色合いが目を引くため、人気の高いアオスジアゲハ

自然の中を歩いていると青色と黒色の大きな蝶を見つけることがありませんか?

あまりの美しさに目を奪われてしまうそんな蝶ですが、特徴が分かりやすいだけに種の特定は簡単です。

その蝶の名はアオスジアゲハ。都市部の平地でも目にすることができるこの蝶について今回は色々と紹介します。

アオスジアゲハとは?

アオスジアゲハは鱗翅目アゲハチョウ科のアゲハチョウの仲間の1種です。

黒い色と水色の2色からなるアゲハ蝶。身近にもいるので目につく。

成虫には黒色の下地の色に水色の線模様が入っています。

成虫は主に5~10月頃にかけて出現します。利用樹種はクスノキ科で、成虫は主に各種花を訪れます。

色の嗜好があることも知られています。

また、成虫には季節性があり、他のアゲハと同様に吸水に訪れることも良くあります。

出現は平地から山地にかけて広く分布しており、食草の関係で見かける機会はとても多い美麗なアゲハ蝶です。

特殊な食草を持つアオスジアゲハ

アオスジアゲハは平地から山地にかけて広く出現します。

ミカン科を利用し街中でも目にするナミアゲハの幼虫

例えばナミアゲハは町中にあるミカン科の植物を利用するため、市街地でも見つけることができます。

アオスジアゲハの食草はクスノキ科と言います。

クスノキ科は庭木ではあまり目にしませんが、公園や緑地、あとは雑木林があればたいてい目にすることができる植物のカテゴリー群です。

山地のアブラチャン。山のクスノキ科。

代表的なクスノキ、雑木の陰樹であるシロダモなどはそこらへんで目にします。

特に巨木のクスノキはシンボルツリー的な活用をされていることもあり、木を見上げているとアオスジアゲハがやってきている場面によく遭遇します。
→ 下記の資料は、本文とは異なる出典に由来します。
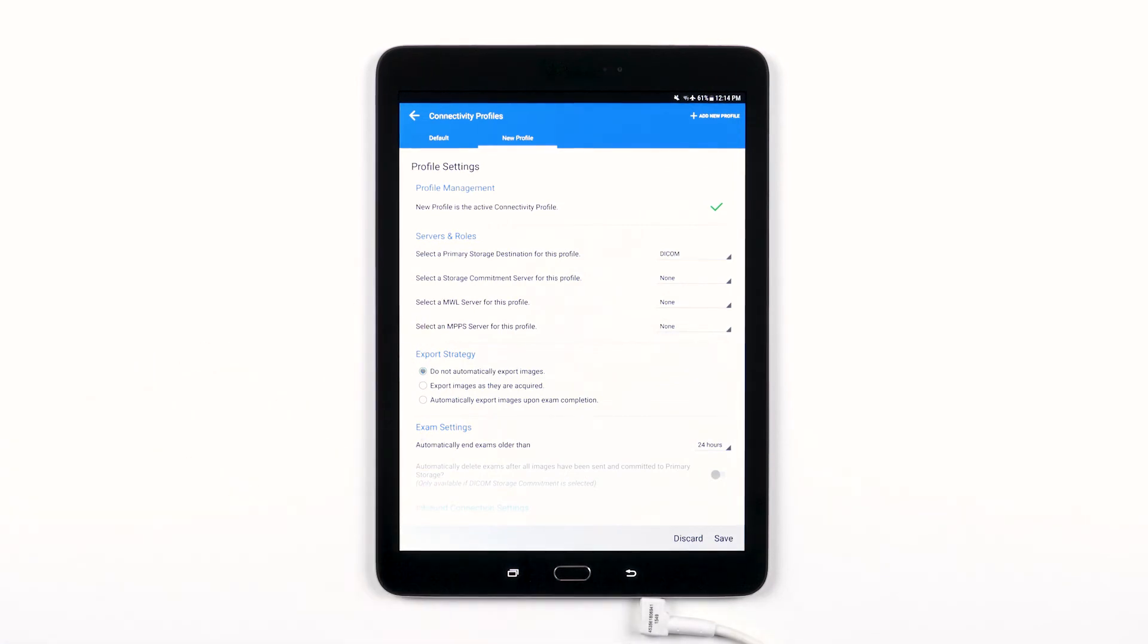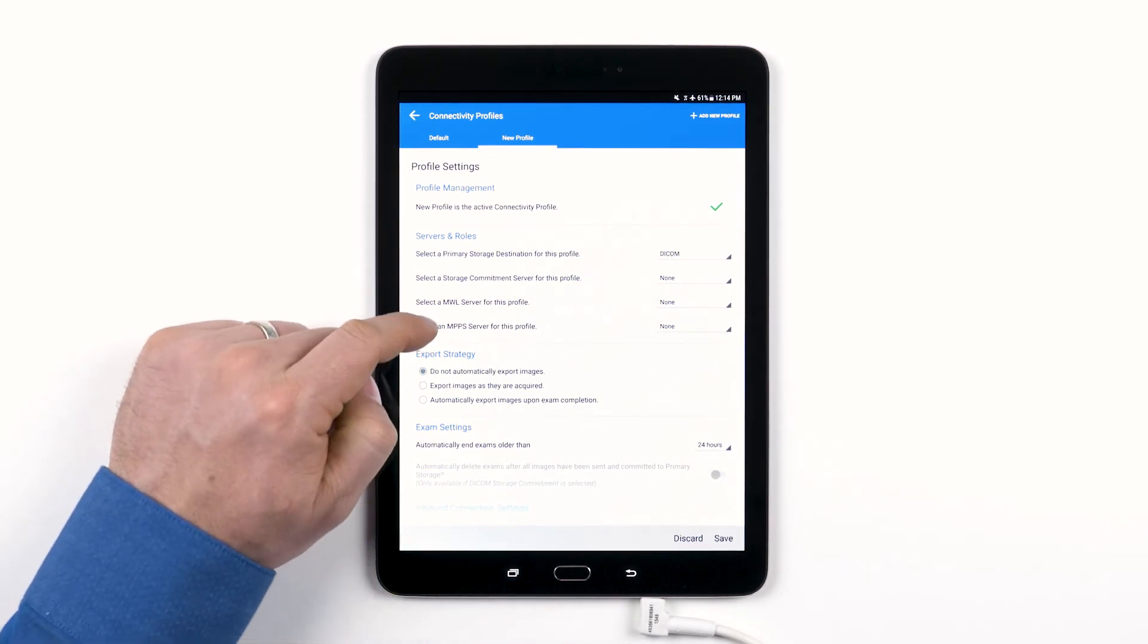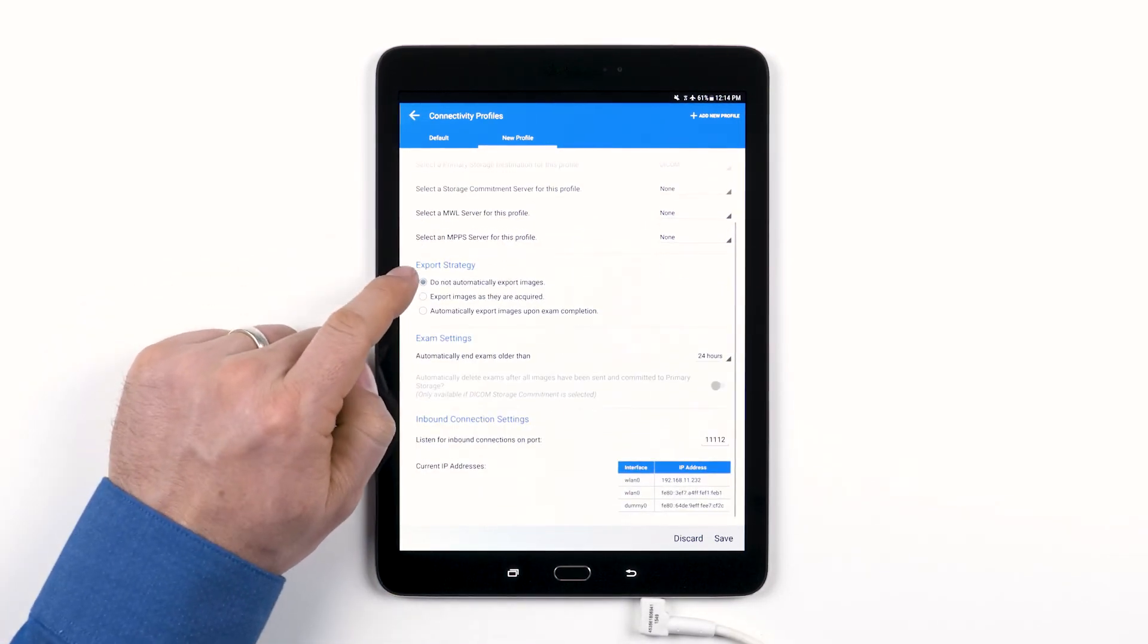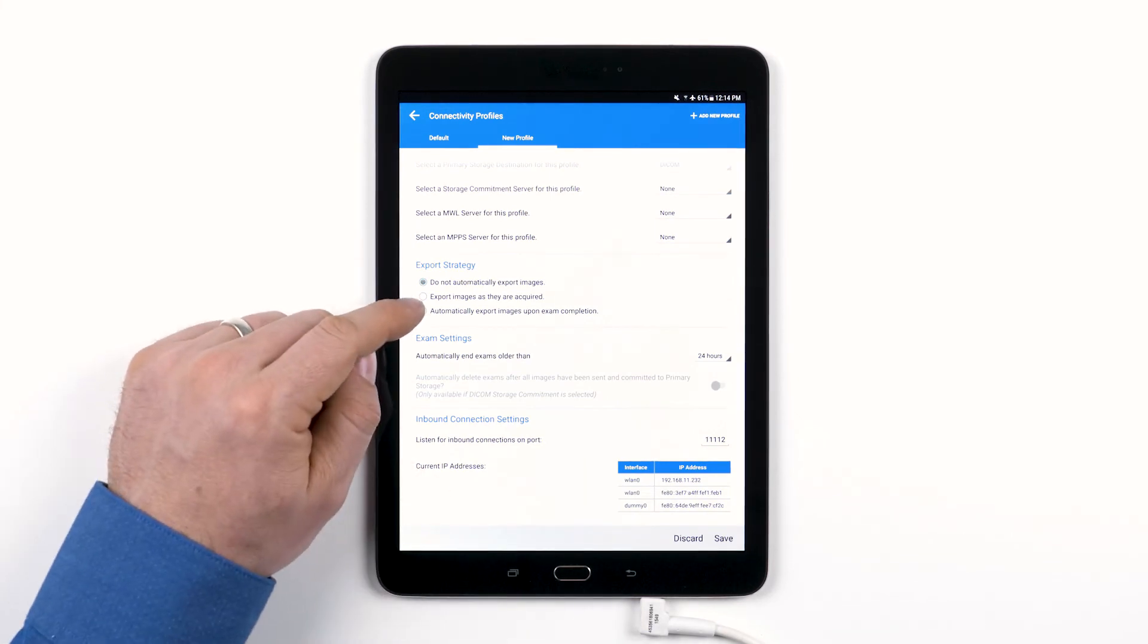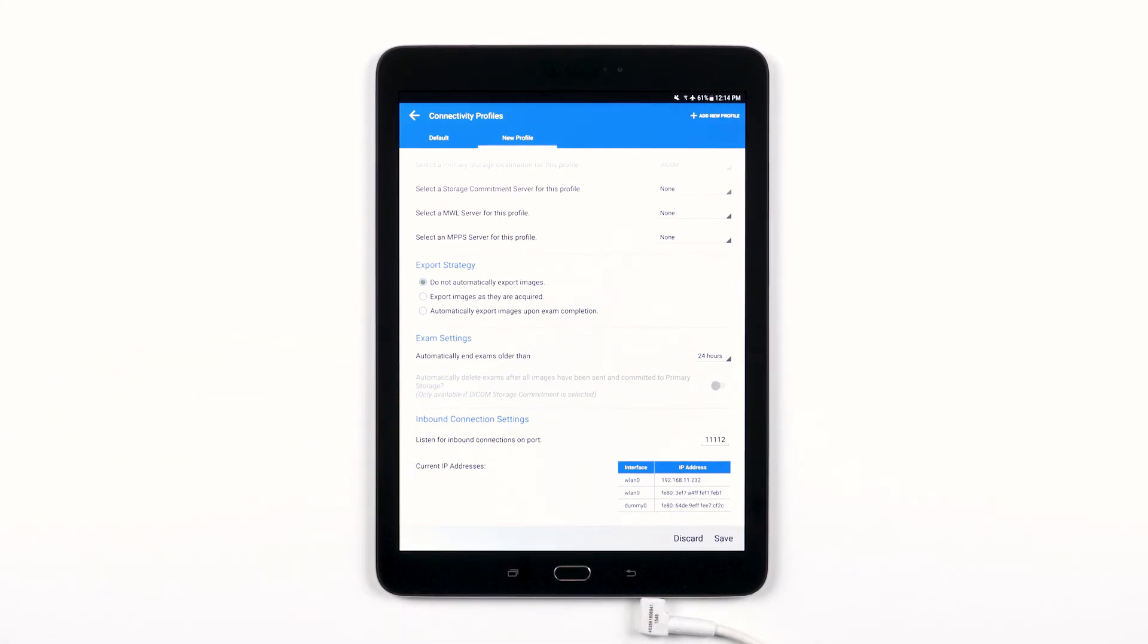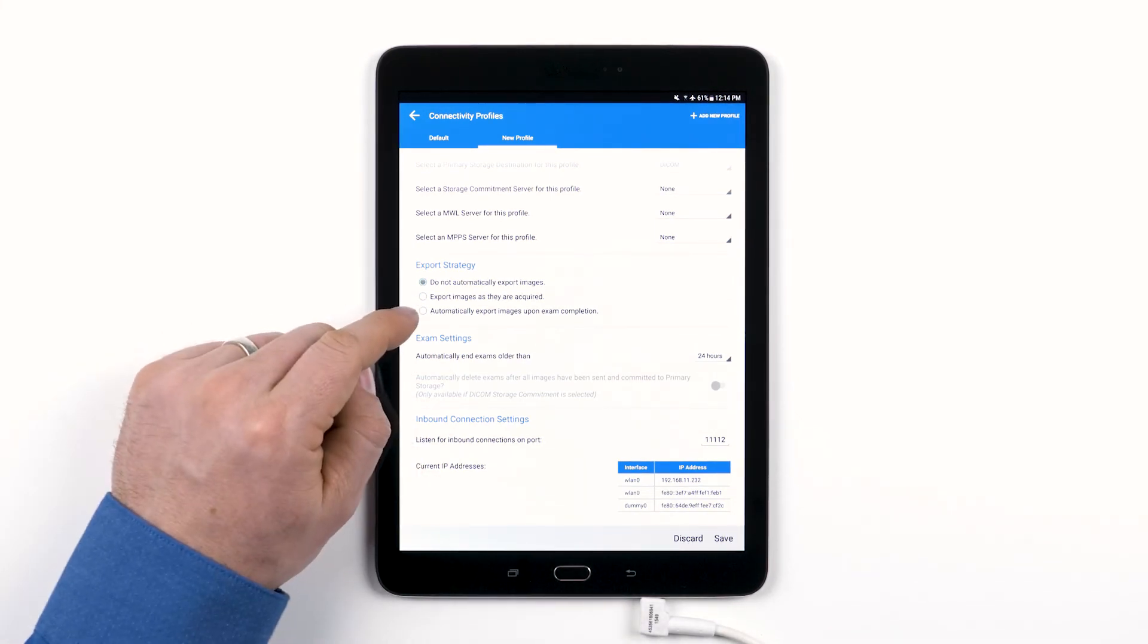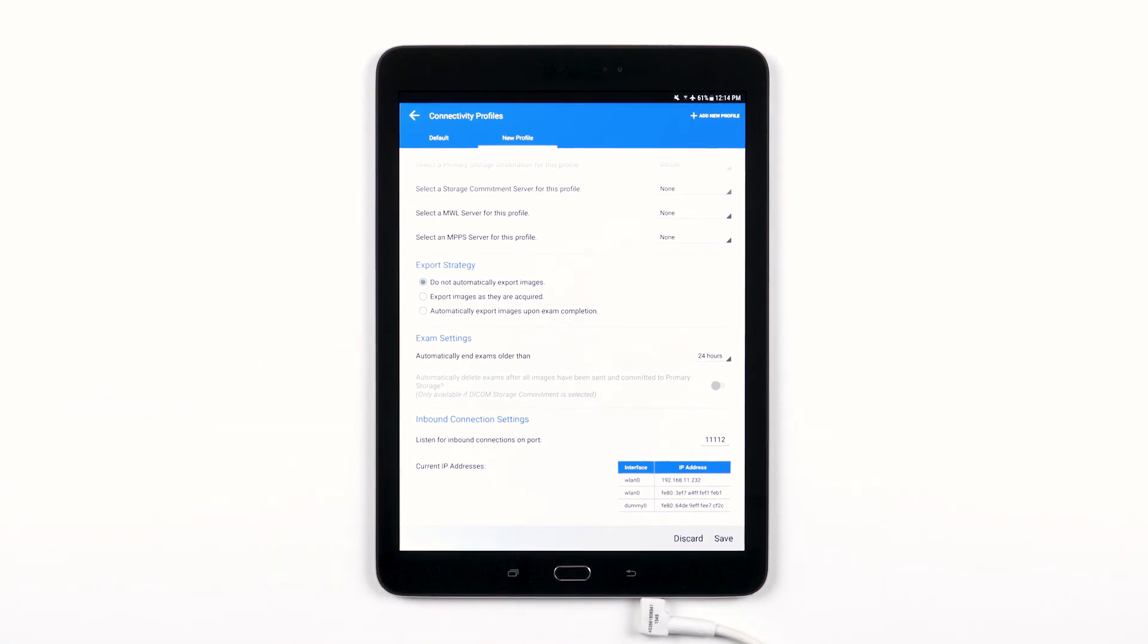The next section is where you set your export strategy. You can choose to not have images automatically exported, you can choose to export the images as they are acquired, or you can set it up to automatically export images upon exam completion or once you've ended your exam.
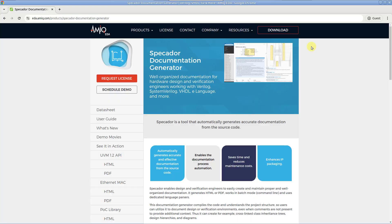Specador, the HTML and PDF documentation generator, integrates with the DVT IDE for VS Code. Not only can you generate documentation straight from the IDE, but you also get an instant preview of how the generated documentation looks like for various project elements.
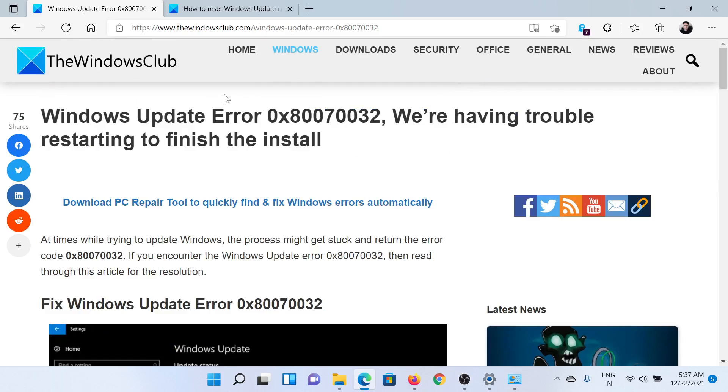If you have any doubts, please go to the original article on The Windows Club, scroll down to the comment section, and write your query. We will surely answer it. Don't forget to subscribe to the channel. Thank you for watching this video, and have a nice day.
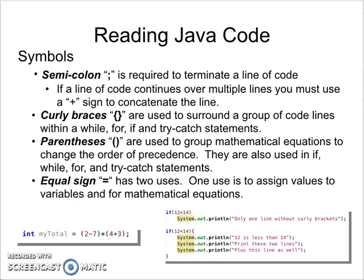Welcome back to Reading Java Code. We are now in Module 6 where we'll be talking about symbols that are used or commonly used in Java programs.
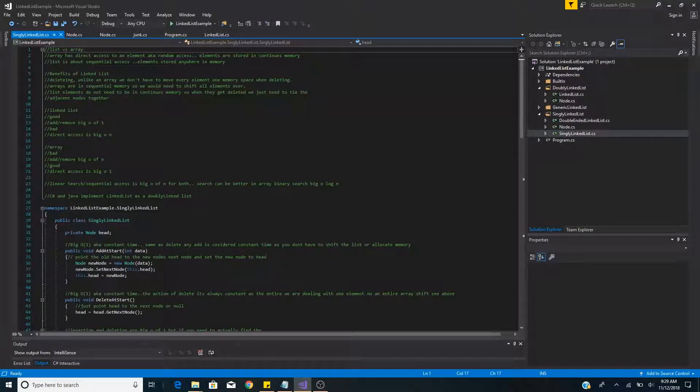Link lists versus arrays. Arrays are stored in sequential memory, whereas linked list elements can be stored anywhere in memory.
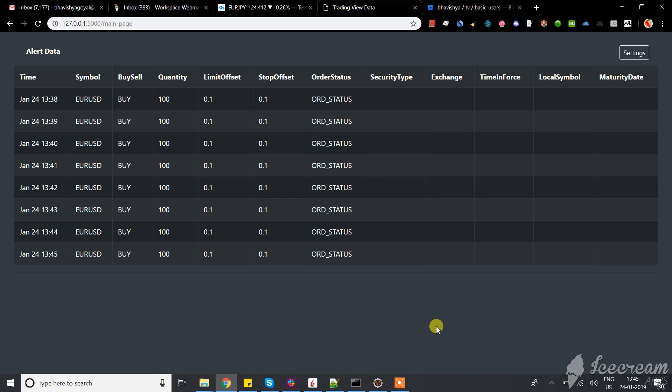Hi friends, in this video we're going to see how we can copy the TradingView alerts generated in your Chrome browser and copy those particular trades into the trading platform. I'll show you how my application works.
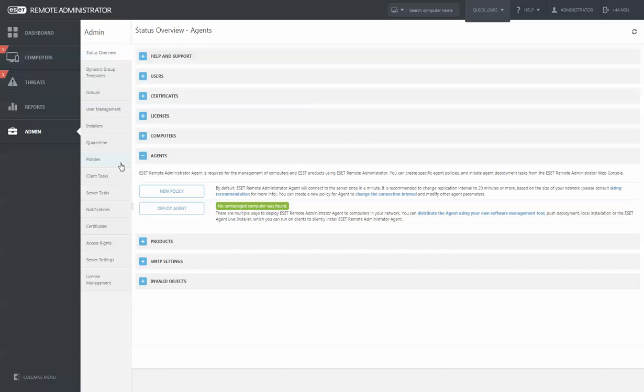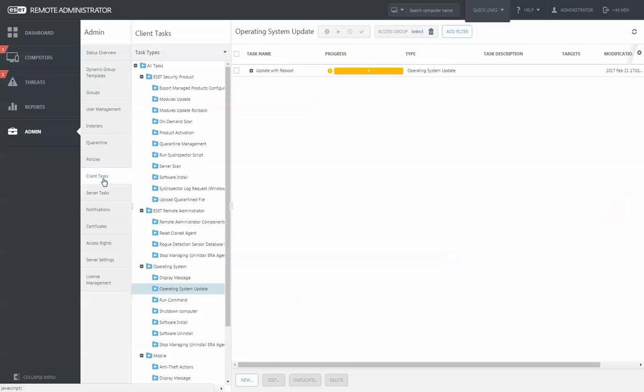Upgrading to the newest version of ESET Remote Administrator is very easy. Simply open up your Remote Administrator Server and go to the Client Task section.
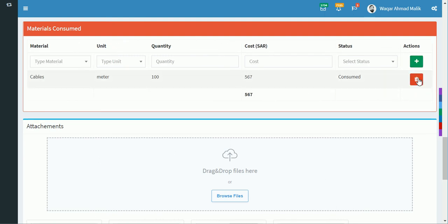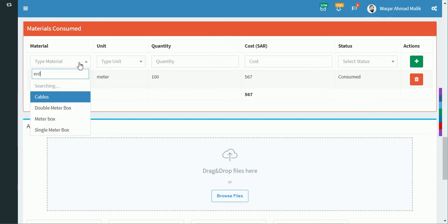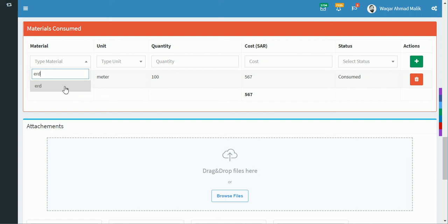If the material is not already listed in the system, you can type in a new material yourself. You can add it and the same will be reflected in the log.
多くのアゲハチョウはミカン科を利用しており、種名を上げるとクロ、オナガ、カラス、ミヤマカラス、モンキ、ナガサキ、ナミはミカン科利用です。

アオスジアゲハはアゲハの中ではちょっと珍しい食草の異なる蝶

特殊な例としてはクスノキのアオスジアゲハ、せり科のキアゲハ、ウマノスズクサ科のジャコウアゲハとギフチョウ、ムラサキケマンのウスバシロチョウなどが挙げられます。

恐らくミカン科の種類は名を知っていても特殊な植物のアゲハチョウの名は知らなかったという方が多いかと思います。

このクロと青のアゲハチョウになじみがないのも無理はありません。

色が特異的なアゲハチョウ、他のアゲハと異なる理由

アオスジアゲハの色合いですが、身近なアゲハチョウと比較してもかなり異質な色合いであることが分かります。

アオスジアゲハの色合いは相当特殊

関東圏で目を向けてみると例えば黒系のアゲハは有毒種のジャコウアゲハの姿を真似ているというのがよく言われるものです。

黄色いナミアゲハにも同じく黄色いキアゲハがいます。

アオスジアゲハはかなり色が異質ですよね。関東圏では似た蝶はいませんが、関西圏まで目を向けるとミカドアゲハというよく似た蝶が出現します。

アオスジアゲハの青を白に置き換えたような種類です。

分類的にアオスジアゲハはちょっと違う

これはアオスジアゲハがアゲハチョウ科のアオスジアゲハ族。クロアゲハやナミアゲハがアゲハチョウ族と分かれているためです。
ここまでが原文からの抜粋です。